# Applying for a job



## Witan (Jun 13, 2009)

So I'm applying for a job at PetSmart. I'm nervous and overthinking everything. Words of encouragement would be much appreciated x_x


----------



## jellybelly (May 10, 2009)

Good luck! Hope you get the job


----------



## power2theweak (Jan 2, 2009)

Good luck! I'm rooting for you! Let us know how it goes!


----------



## strawberryjulius (Jun 28, 2009)

Good luck!


----------



## TaniaN (Jun 24, 2009)

Best of luck to you, I'm sure you will do great. Let us know how it works out


----------



## AriesTrying (Mar 19, 2009)

i dont know exactly what youre nervous about, but i just applied for a job too and am nervous that if i actually GET the job that i wont be able to do it right.yadda yadda yadda. so if youre anything like me.. just think this - you know deep down that you can handle the job. tell yourself you are a competent, confident person who can be an amazing employee. then take a bubble bath, read and relax! good luck!


----------



## deeds14 (Jul 9, 2009)

Just act confident and be yourself!  You will do great.


----------



## fridays child (Jun 4, 2009)

AriesTrying said:


> just think this - you know deep down that you can handle the job. tell yourself you are a competent, confident person who can be an amazing employee. then take a bubble bath, read and relax! good luck!
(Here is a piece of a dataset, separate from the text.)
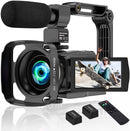 Video Camera 4K Camcorder Ultra HD 48MP WiFi IR Night Vision Vlogging Camera 3" IPS Touch Screen 16X Digital Zoom Digital YouTube Camera Recorder with Microphone,Stabilizer,Hood,Remote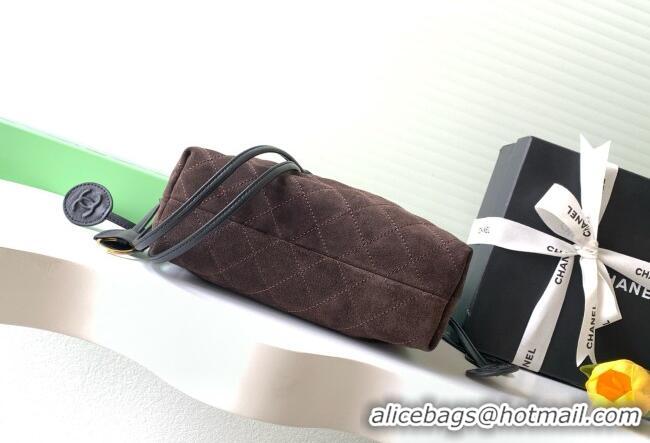 Luxury Cheap Chanel Suede Clutch with Leather Strap AP5227 Dark Brown 2026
 This is very true...to think positively can make a big difference. (no...not as in I'm positive I'll screw it up ) But...it just does not come very natural to me. For me, it's better to think things like....I know I'm going to have a mix of doing rights and wrongs while I'm learning - I've got to give myself some breathing room - I don't need to be an amazing employee because choosing to be a good-enough employee can be very acceptable at this point (does not apply to heart surgeons)...I don't see myself as competent right now - but I'm not incompetent either- there's a lot of levels between the two and each day is getting closer to that point. These are things I say in my head to help me relax, not as a put down though. I hope things go your way!!:group


----------



## Witan (Jun 13, 2009)

Thanks everyone for the encouragement. I just applied for it (took a while, I know :b) Hopefully I'll find out if I got it soon.


----------



## power2theweak (Jan 2, 2009)

Good! <crosses fingers>


----------



## fridays child (Jun 4, 2009)

:yes keep us updated ! :yes


----------